ENTRIES SHOWN –

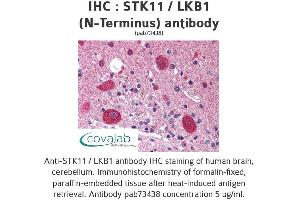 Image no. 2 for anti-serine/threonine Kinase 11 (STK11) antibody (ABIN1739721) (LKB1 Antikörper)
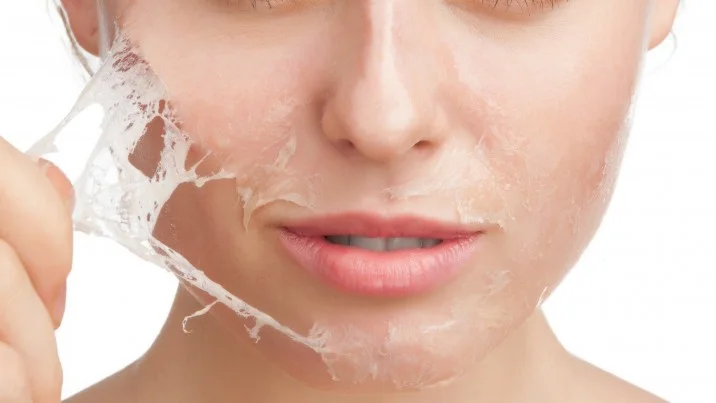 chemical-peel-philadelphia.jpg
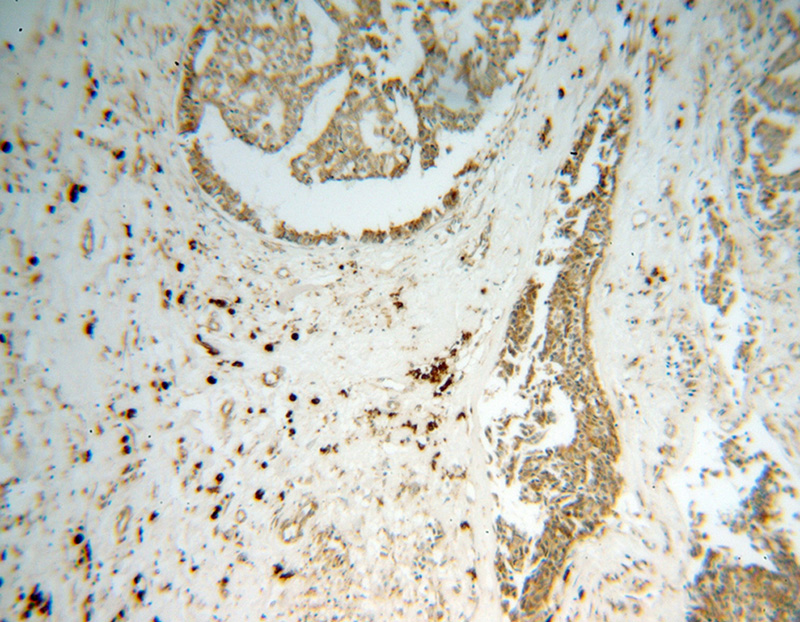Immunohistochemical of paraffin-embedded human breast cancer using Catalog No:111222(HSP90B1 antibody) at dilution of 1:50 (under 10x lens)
...
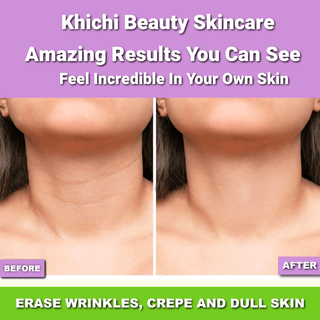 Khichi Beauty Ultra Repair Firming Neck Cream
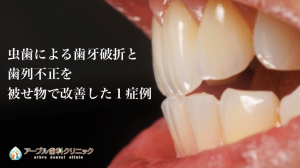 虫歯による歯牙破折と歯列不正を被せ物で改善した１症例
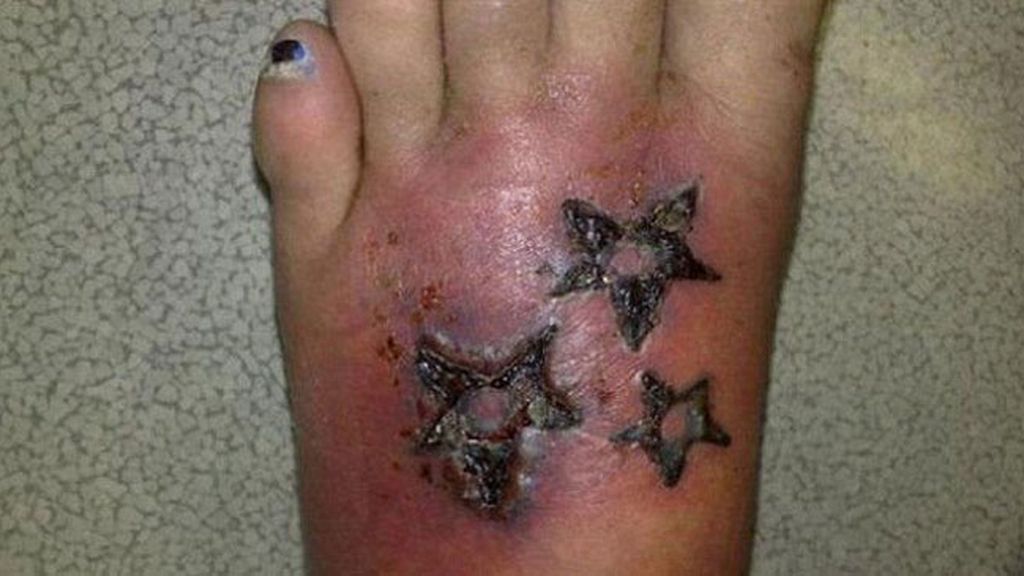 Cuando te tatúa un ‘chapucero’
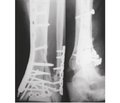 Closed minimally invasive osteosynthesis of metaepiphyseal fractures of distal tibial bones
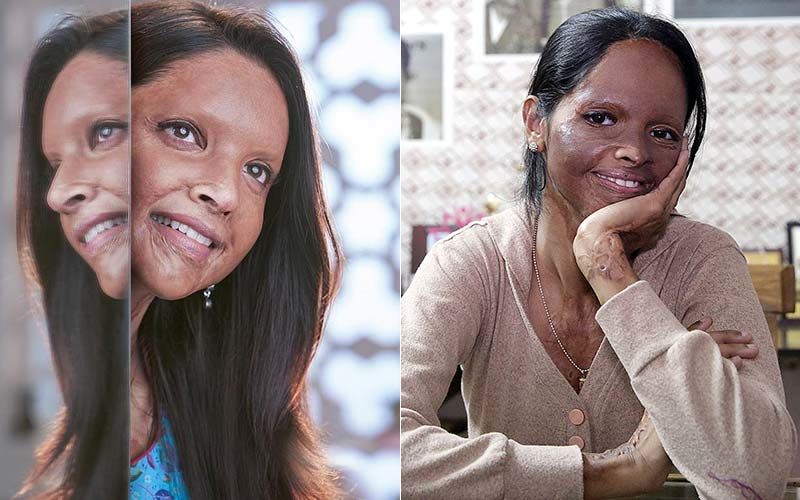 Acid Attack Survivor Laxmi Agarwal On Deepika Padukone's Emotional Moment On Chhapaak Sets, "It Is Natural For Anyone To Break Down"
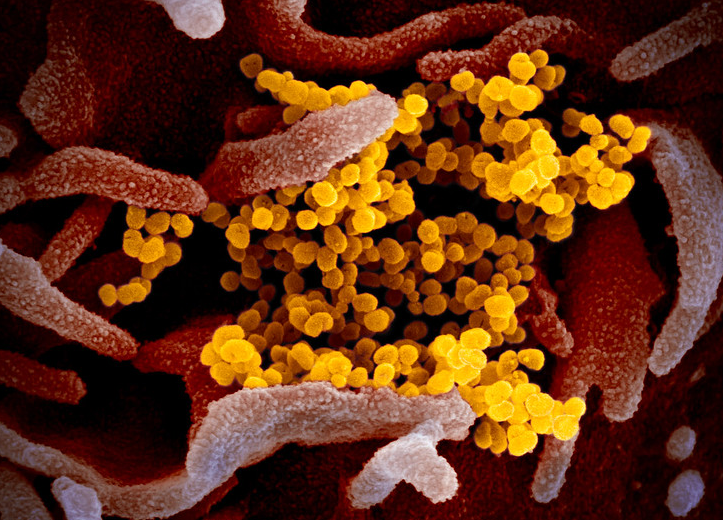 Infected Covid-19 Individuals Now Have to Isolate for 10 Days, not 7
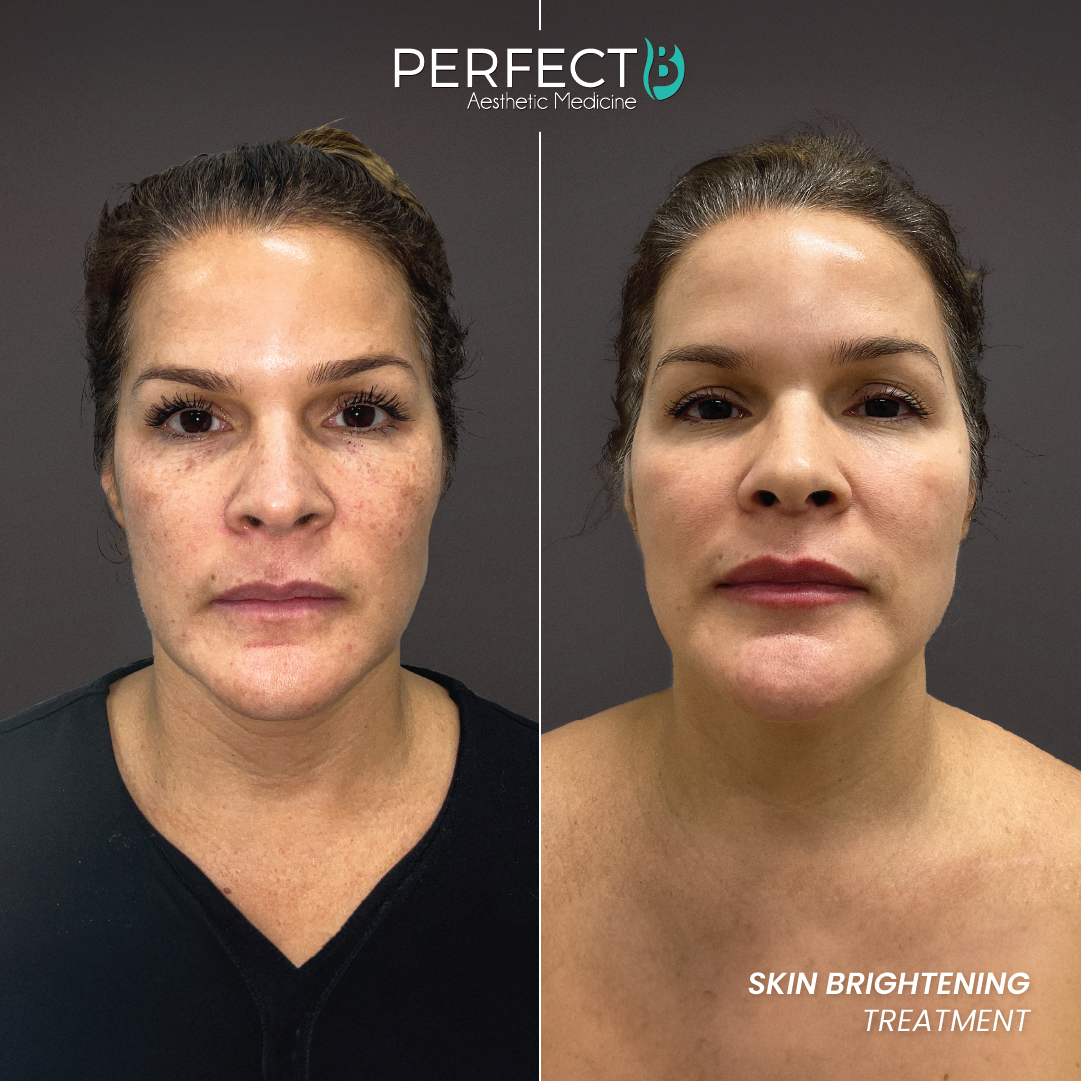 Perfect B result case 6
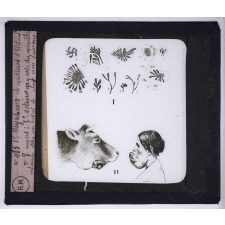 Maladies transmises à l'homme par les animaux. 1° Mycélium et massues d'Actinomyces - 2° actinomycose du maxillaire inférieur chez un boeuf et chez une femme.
* * *
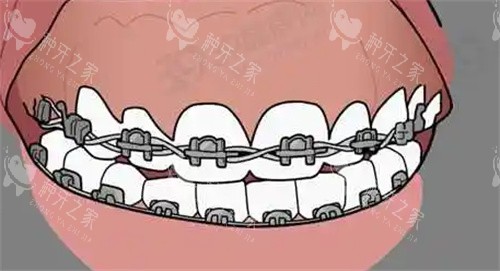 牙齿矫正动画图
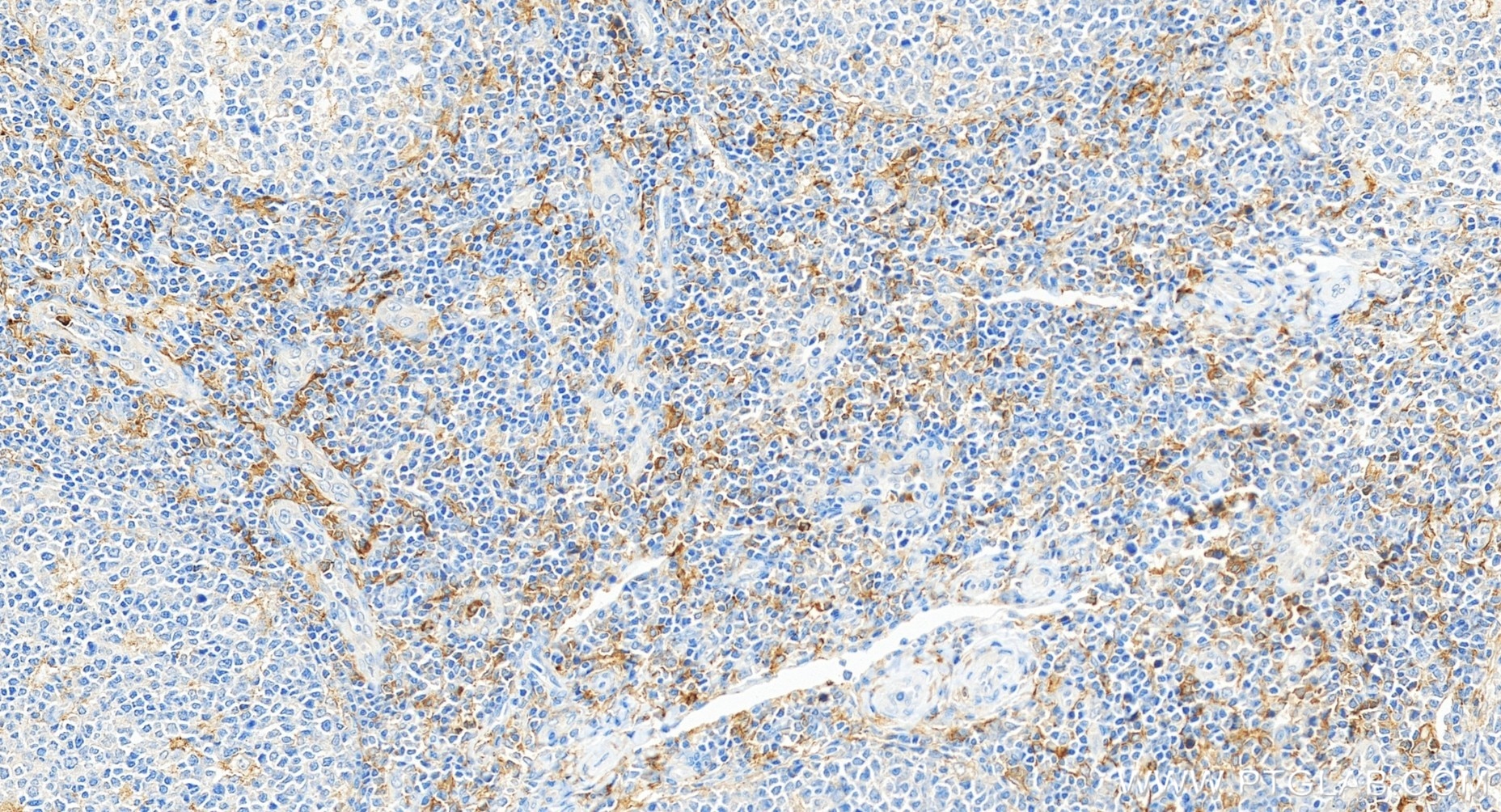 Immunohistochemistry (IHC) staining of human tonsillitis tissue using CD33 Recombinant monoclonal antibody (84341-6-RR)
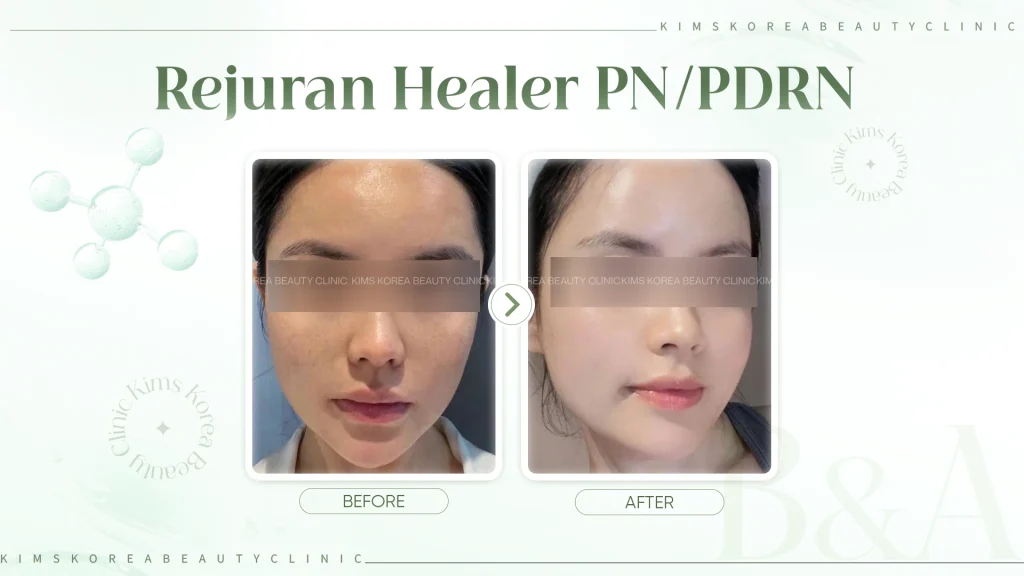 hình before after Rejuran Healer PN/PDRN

TASK STATEMENT –
Would you output the lines above from the line holding "Immunohistochemistry (IHC) staining" up to and including the line holding "hình before after Rejuran Healer PN/PDRN", exactly and only those, with no pictures?

FINISHED EXERCISE –
 Immunohistochemistry (IHC) staining of human tonsillitis tissue using CD33 Recombinant monoclonal antibody (84341-6-RR)
 hình before after Rejuran Healer PN/PDRN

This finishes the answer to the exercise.